Sul leggendario calice in cui si dice Cristo abbia bevuto durante l’Ultima Cena e che abbia raccolto il suo sangue sulla Croce si è scritto di tutto: è stato oggetto di infinite sceneggiature cinematografiche e libri; lo hanno cercato i Nazisti, i Cristiani, archeologi, ciarlatani, i Cavalieri della Tavola Rotonda. Iniziamo con ordine, cioè dal suo nome: Santo Graal nella sua forma più antica è attestato come SANGREAL, che deriva da due parole diverse SANG e REAL e significa Sangue Reale, e attesta la discendenza da Re Salomone di Gesù e la sua unione con Maria Maddalena (della casa di Beniamino); la leggenda in realtà indica come SANGREAL il ventre di Maria Maddalena che avrebbe portato in grembo il figlio di Gesù. Secondo altri, fra cui Helimand de Froidmont, il termine deriva dal latino Gradalis e significa tazza o calice ed è assimilabile ad altri oggetti della mitologia celtica, come il Calderone di Dagda o greco-romana, come la Cornucopia. Effettivamente nella Bibbia non si accenna al matrimonio fra i due e anzi si dà a Maria Maddalena della prostituta, ma le versioni di alcuni Vangeli Gnostici discordano (ci sarebbe persino un Vangelo scritto da Maria Maddalena…); a tal proposito c’è da dire che la Legge Ebraica (cui Cristo era sottoposto in quanto Ebreo) prevede come compito dell’uomo quello di avere moglie e generare figli. Per secoli è stato considerato una reliquia minore, se confrontata alla sindone o alla vera croce, finché non diviene una reliquia importante e dotata di magici poteri nelle leggende della Normandia e della Bretagna. Il Graal appare infatti nel ciclo bretone, come allegoria mistica della ricerca del misticismo; precisamente nel Perceval, poema incompiuto di Cretyens de Troyes, i cavalieri della tavola rotonda cercano il Graal su richiesta di dio. Nel poema si utilizza la parola Graal per indicare il calice di Cristo.

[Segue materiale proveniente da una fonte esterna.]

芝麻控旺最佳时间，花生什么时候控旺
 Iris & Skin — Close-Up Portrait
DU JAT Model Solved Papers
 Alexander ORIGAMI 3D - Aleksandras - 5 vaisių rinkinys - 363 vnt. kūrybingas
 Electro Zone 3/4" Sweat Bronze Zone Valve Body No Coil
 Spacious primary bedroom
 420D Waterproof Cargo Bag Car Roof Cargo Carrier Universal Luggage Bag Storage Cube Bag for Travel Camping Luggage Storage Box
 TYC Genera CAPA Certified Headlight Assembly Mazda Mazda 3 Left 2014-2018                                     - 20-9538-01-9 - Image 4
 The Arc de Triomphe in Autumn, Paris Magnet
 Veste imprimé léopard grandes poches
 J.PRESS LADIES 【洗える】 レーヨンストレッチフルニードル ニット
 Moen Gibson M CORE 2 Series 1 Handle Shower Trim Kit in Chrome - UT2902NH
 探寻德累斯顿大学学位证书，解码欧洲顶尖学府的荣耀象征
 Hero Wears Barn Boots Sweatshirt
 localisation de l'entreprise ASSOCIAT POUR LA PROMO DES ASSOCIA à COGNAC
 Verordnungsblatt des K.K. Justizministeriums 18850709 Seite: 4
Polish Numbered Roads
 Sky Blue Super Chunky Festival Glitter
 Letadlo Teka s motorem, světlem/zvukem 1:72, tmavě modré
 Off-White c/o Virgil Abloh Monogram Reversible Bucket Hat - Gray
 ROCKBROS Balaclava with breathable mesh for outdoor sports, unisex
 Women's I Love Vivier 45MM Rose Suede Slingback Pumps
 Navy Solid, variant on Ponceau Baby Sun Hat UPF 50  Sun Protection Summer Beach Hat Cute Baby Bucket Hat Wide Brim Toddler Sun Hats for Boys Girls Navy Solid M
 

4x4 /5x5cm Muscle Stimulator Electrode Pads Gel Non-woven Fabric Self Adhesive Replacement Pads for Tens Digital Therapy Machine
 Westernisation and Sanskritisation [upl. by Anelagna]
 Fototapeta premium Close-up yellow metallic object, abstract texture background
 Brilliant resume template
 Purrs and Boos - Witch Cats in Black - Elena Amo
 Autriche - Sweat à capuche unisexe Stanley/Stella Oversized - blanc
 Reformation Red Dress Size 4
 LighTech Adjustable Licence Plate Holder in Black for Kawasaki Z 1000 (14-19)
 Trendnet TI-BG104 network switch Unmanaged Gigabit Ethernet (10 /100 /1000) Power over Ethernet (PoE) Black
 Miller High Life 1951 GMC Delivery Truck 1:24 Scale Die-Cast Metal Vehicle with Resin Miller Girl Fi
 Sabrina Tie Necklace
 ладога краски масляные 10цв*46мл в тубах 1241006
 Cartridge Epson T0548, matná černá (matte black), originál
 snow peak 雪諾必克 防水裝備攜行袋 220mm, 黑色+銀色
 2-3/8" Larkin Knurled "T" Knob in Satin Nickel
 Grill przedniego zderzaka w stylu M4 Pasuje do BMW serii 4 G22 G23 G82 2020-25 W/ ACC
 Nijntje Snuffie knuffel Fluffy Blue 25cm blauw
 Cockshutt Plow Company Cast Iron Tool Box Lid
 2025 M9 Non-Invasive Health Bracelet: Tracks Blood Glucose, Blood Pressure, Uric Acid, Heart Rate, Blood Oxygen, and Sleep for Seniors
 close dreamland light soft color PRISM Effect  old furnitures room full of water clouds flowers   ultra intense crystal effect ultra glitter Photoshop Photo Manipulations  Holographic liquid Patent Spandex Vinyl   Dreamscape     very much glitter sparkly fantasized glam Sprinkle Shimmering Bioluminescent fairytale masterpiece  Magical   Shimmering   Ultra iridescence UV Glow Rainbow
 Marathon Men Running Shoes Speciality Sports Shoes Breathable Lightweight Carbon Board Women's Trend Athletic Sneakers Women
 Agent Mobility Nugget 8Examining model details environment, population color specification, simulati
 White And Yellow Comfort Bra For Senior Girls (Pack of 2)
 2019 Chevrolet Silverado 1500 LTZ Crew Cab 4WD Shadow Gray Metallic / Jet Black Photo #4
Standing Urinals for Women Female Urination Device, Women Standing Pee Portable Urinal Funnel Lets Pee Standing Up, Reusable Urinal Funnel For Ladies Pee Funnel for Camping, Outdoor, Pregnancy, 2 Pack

“Colui che beve l’acqua che io gli darò, dice il Signore, avrà dentro di sé una sorgente inesauribile dalla quale sgorgherà la vita eterna. Lasciate che mi conducano alla tua montagna sacra nel luogo dove dimori, attraverso il deserto e oltre la montagna, nella gola della luna crescente, al Tempio dove la coppa che contiene il sangue di Gesù Cristo risiede per sempre”.

Il corpo di Cristo, deposto dalla croce doveva perdere molto sangue dalla ferita al costato, ed è piuttosto logico che per drenare il corpo dal sangue si fosse usato un recipiente. Per questo motivo Il Graal, infatti quasi sicuramente non è una coppa; una coppa non sarebbe servita a nulla dovendo drenare 5 litri di sanue da un corpo, nonostante già molto provato.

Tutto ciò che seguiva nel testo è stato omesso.